Коммунистический постскриптум | страница 33
Это обстоятельство позволяет лучше понять генеалогию критики логоцентризма и господства холодного рационализма, которая сегодня позиционируется как левая критика институций капиталистического общества. Вначале это была «антитоталитарная» критика, направленная против врагов Запада, против Советского Союза. Но со временем она все чаще использовалась против институций западного мира, которые, в свою очередь, стали восприниматься как холодные, рационалистические и бесчеловечные, то есть в некотором смысле «тоталитарные». Следовательно, первоначально этот дискурс был критикой советского коммунизма, которая со временем преобразовалась в самокритику Запада. Антикоммунистическая генеалогия этого дискурса, в основном, забыта или, лучше сказать, вытеснена. Но, несмотря на это, она имеет решающее значение для функционирования дискурса о желании, ведь любое общество готово принять критику, которая однажды уже продемонстрировала свою эффективность в борьбе с его врагами. В этом отношении чрезвычайно характерна эволюция, проделанная фигурой Большого Брата. Она была придумана Оруэллом в качестве пародии на советскую политическую систему, но со временем стала функционировать как обозначение любого государственного контроля. А поскольку технические возможности для осуществления такого контроля лучше всего развиты на Западе, то в наши дни эта фигура обычно используется в качестве характеристики аппаратов власти, поддерживающих иллюзию безопасности у жителей западных стран. Критика такого рода может показаться весьма радикальной, но ее настоящим преимуществом является то, что она не ставит под сомнение границы, установленные холодной войной, – даже сегодня, когда холодная война давно позади. Критический дискурс в той форме, которая практикуется в наши дни на Западе, оказывается на удивление гомогенным. Он всегда критикует одно и то же, прибегая для этого к одним и тем же аргументам. Различие заключается лишь в том, что правые обычно используют его по отношению к незападному миру и критикуют коммунизм или ислам как идеологии, подавляющие тело и сексуальность, левые, наоборот, практикуют его в порядке самокритики Запада, а центристы, пытаясь соблюсти справедливость, работают на обоих направлениях и прибегают то к одной, то к другой форме критики.

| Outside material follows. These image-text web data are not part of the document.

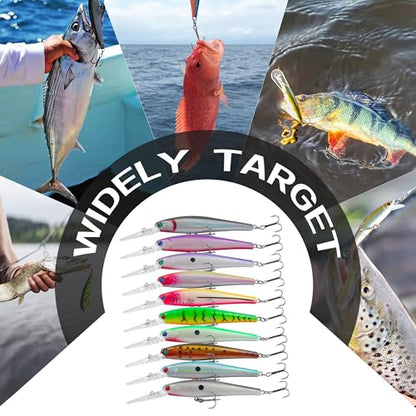OROOTL Minnow Jerkbait Fishing Lures, 10pcs Deep Diving Jerk Baits Kit Saltwater Trolling Lures Lifelike Swimbaits Hard Lure for Bass Trout Walleye Bluefish Saltwater Freshwater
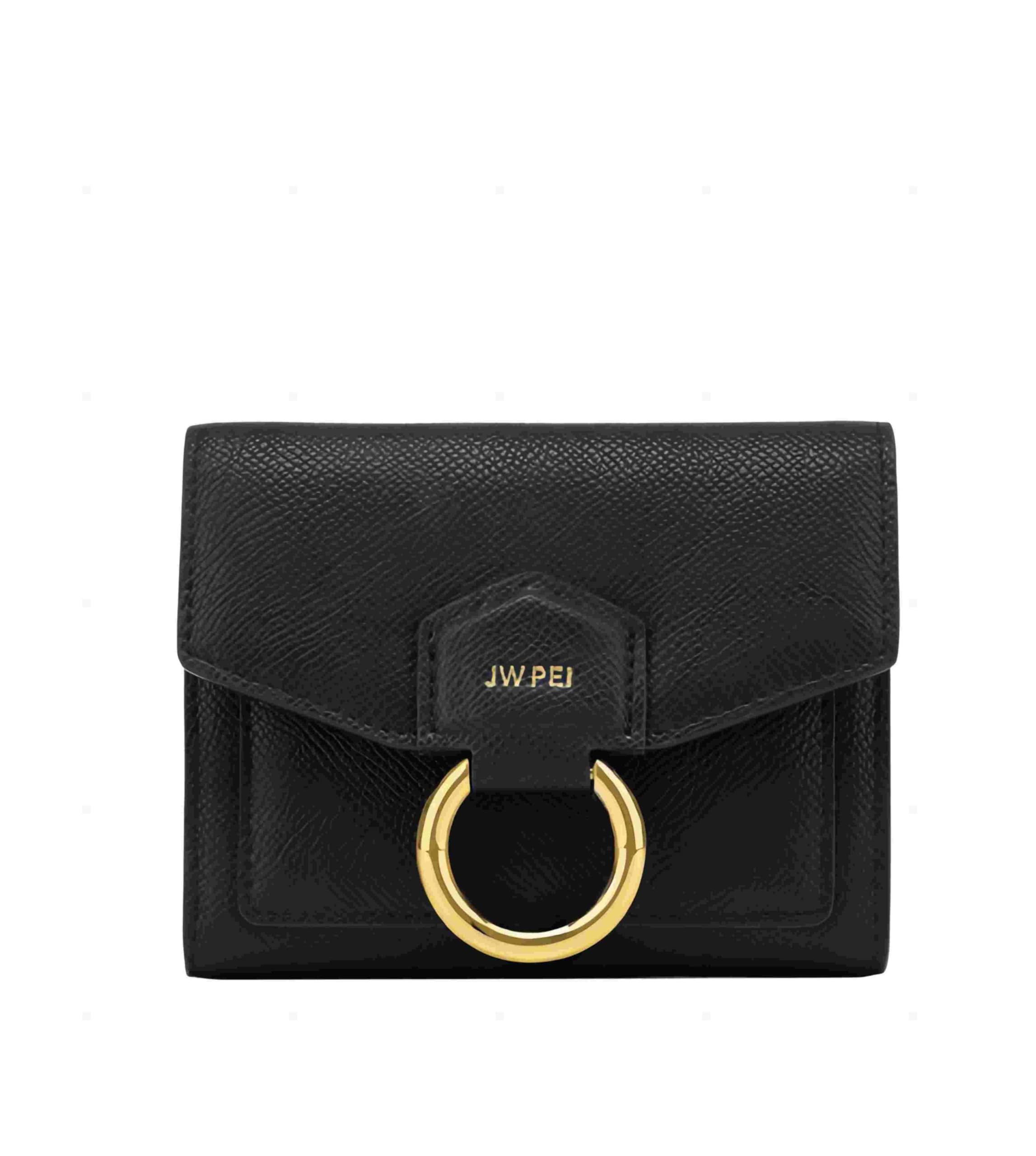 JW PEI Stella Wallet - Black Grained Vegan Leather Crossbody Phone Wallet for Women | RFID Blocking | Perfect for Travel, Shopping & Everyday Use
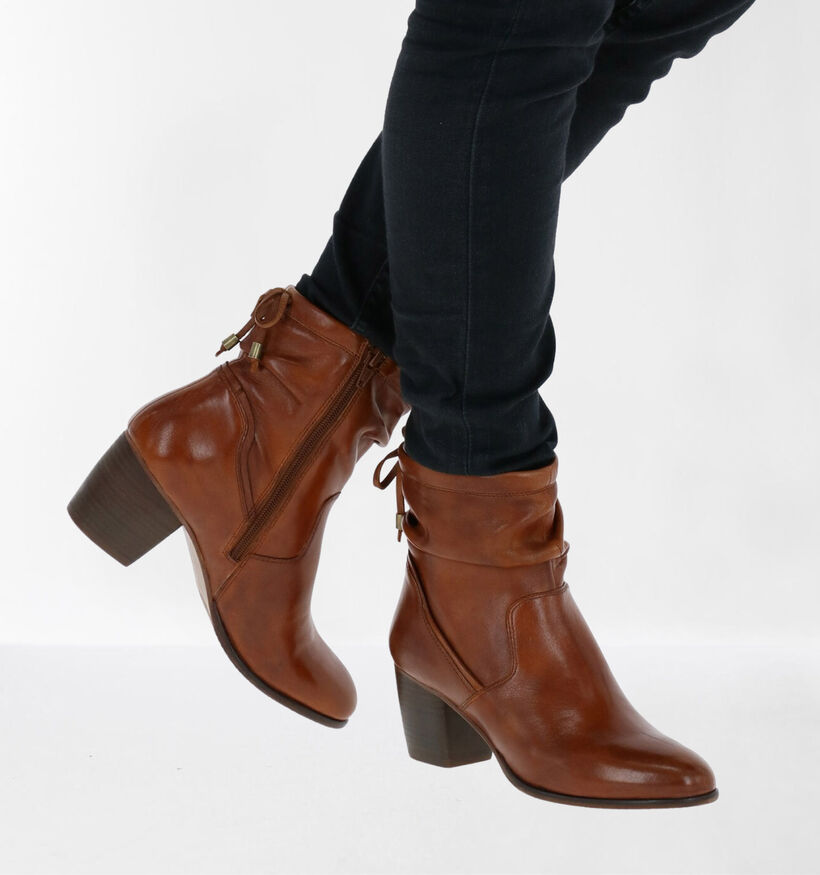 Steven NY Cognac Enkellaarzen in leer (280207)
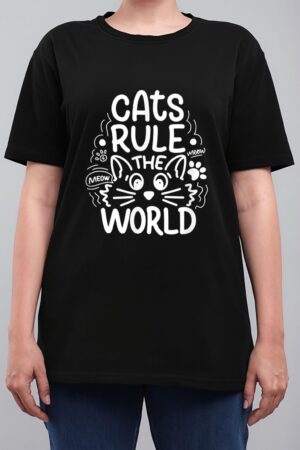 Cats Rule He World Funny Cat Lovers Women T-Shirt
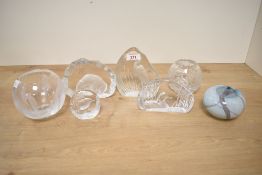 A selection of 20th-century decorative glassware, to include four animal crystal-cut paperweights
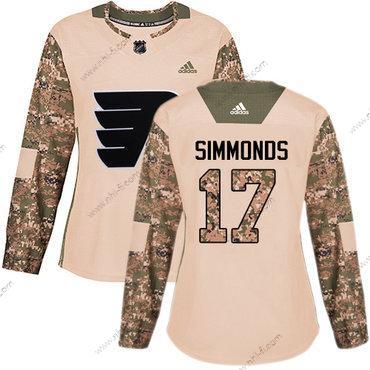 Adidas Philadelphia Flyers #17 Wayne Simmonds Maastokuvio Aito 2017 Veterans Day Ommeltu NHL Paita – Naisten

Удивительную, исторически уникальную гомогенность господствующего в настоящее время западного критического дискурса, меняющего только свое направление, но ни в коем случае не внутреннюю природу, невозможно объяснить одним лишь идеологическим давлением, под которым оказалось западное общество в годы холодной войны. В значительной степени эта гомогенность связана с тем, что критический дискурс сам циркулирует как товар на медиальном рынке. Он приобрел функцию стандартизированной софистической речи, которая может служить обоснованием любой политической стратегии. В самом деле, где тот мир, в котором тело не подавляется? Где человек не получает травм? Где субъектом не владеют противоречивые желания? Где машины не грозят поработить человека? Это происходит везде и всюду. Стало быть, покупательский спрос на подобную критику потенциально бесконечен. Но, кроме того, дискурс о желании и сам по себе прекрасно приспособлен для рынка, так как представляет собой промежуточную стадию на пути успешной коммерциализации различных религий, идеологий и наук. Как только некая идеология или религия перестает говорить о «духе» и переводит свои ветхие абстракции на язык желания, она тут же становится приемлемой для рынка. В каком-то смысле уже диалектический материализм был шагом в этом направлении. Но важнейшую роль здесь сыграл Александр Кожев. В своем знаменитом семинаре, посвященном гегелевской «Феноменологии духа» и проводившемся в Париже в 1933–1939 годах, он преобразовал историю гегелевского абсолютного духа в историю желания (désir) – противоречивого желания, предметом которого является желание другого. Влияние этого семинара заметнее всего у Лакана и Батая, которые входили в круг ближайших учеников Кожева, причем Батай особенно далеко продвинулся на пути теоретической экономизации желания. Сам Кожев, как известно, предпочел заняться практическим решением этой проблемы и после войны, которая прервала его семинар, перешел к непосредственной разработке европейской экономической политики.